Cidades

Projeto Pipas leva ações sobre segurança elétrica a escolas de quatro municípios do Pará

Programação ocorre após o Pará registrar 994 interrupções de energia causadas por pipas entre janeiro e abril deste ano

Por Elielson Almeida
10/08/2026 às 17:00 • 4 min

Pipas provocaram quase mil interrupções no fornecimento de energia no Pará nos primeiros quatro meses de 2026. (Foto: Divulgação)

Empinar pipa faz parte da infância de muitas crianças paraenses, mas a brincadeira pode provocar acidentes graves quando realizada próxima à rede elétrica. Para reforçar os cuidados durante o período de maior prática da atividade, o Projeto Pipas promove, a partir desta segunda-feira (10), ações educativas em escolas públicas de Belém, Barcarena, Altamira e Marabá.

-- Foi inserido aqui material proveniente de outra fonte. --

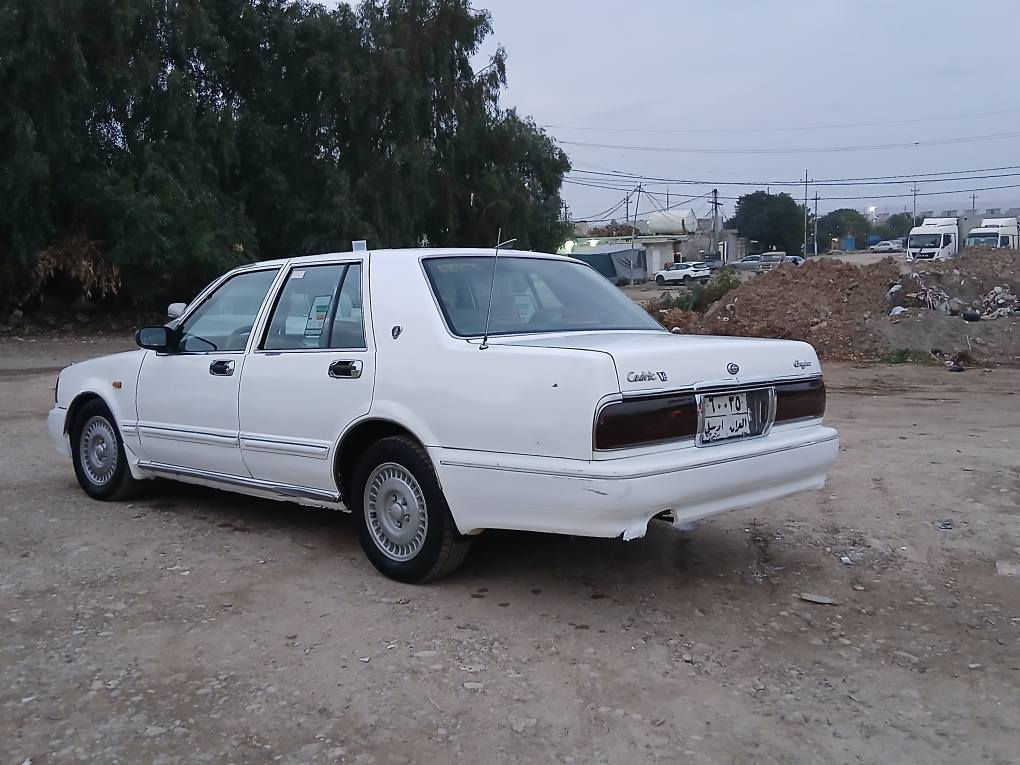 *********** بنجوين, السليمانية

A programação reúne gincanas, teatro de bonecos, oficinas de confecção de pipas e atividades interativas para ensinar crianças e adolescentes a identificar situações de risco. As ações serão realizadas ao longo de agosto e também abordam cuidados com a energia elétrica dentro de casa.

A iniciativa ocorre em um cenário de alerta para os impactos das pipas sobre o fornecimento de energia no Pará. Segundo a Equatorial Pará, foram registradas 994 interrupções na rede elétrica provocadas por pipas entre janeiro e abril de 2026. O número representa uma média de aproximadamente oito ocorrências por dia e é 13% maior que o registrado no mesmo período de 2025.

As interrupções podem atingir residências, comércios, escolas, unidades de saúde e outros serviços essenciais. Além dos desligamentos, o contato de pipas e linhas com a fiação pode provocar curtos-circuitos e representar risco de choque elétrico para quem tenta retirar os objetos presos nos cabos.

A orientação é que a brincadeira aconteça somente em locais abertos e afastados de postes, fios, subestações e outros equipamentos elétricos. Também é recomendado evitar empinar pipas durante chuvas e tempestades. Caso a pipa fique presa na rede, a orientação é não tentar recuperá-la e acionar a distribuidora de energia.

O projeto também alerta para os riscos do cerol e da linha chilena, que podem provocar acidentes graves envolvendo pedestres, ciclistas e motociclistas.

“Ao tocar na rede elétrica, a linha ou a pipa podem provocar curtos-circuitos e desligamentos que afetam milhares de pessoas. Além disso, tentar retirar uma pipa presa na fiação é extremamente perigoso”, explica Elton Lucena, executivo de Segurança da Equatorial.

Quase 8 mil crianças já participaram

Nas edições realizadas em 2024 e 2025, o Projeto Pipas alcançou cerca de 8 mil crianças em diferentes municípios paraenses. A proposta é transformar uma brincadeira tradicional em uma oportunidade de aprendizado sobre prevenção de acidentes.

Durante as atividades, os estudantes também aprendem sobre materiais adequados para a confecção das pipas e os locais mais seguros para empiná-las. A ideia é que o conhecimento seja levado para além das escolas e compartilhado pelos alunos com familiares e moradores das comunidades.

Para Liane Gaby, presidente do Instituto Cultural Amazônia do Amanhã (ICAA), a iniciativa busca abordar o tema de maneira próxima do cotidiano das crianças.

“Empinar pipas faz parte da infância de muitas crianças paraenses, mas a diversão precisa acontecer com responsabilidade”, afirma.

Projeto amplia atuação em 2026

Em 2026, o projeto também amplia sua atuação para além do Pará. Pela primeira vez, serão realizadas atividades em escolas públicas e privadas do Maranhão, Piauí e Goiás, durante os meses de agosto e setembro.

No Pará, as ações desta etapa acontecem entre os dias 10 e 21 de agosto, em escolas de Belém, Barcarena, Altamira e Marabá.

A iniciativa tem patrocínio da Equatorial Pará e é realizada pelo Instituto Cultural Amazônia do Amanhã (ICAA), por meio da Lei Estadual de Incentivo à Cultura Semear, do Governo do Estado do Pará.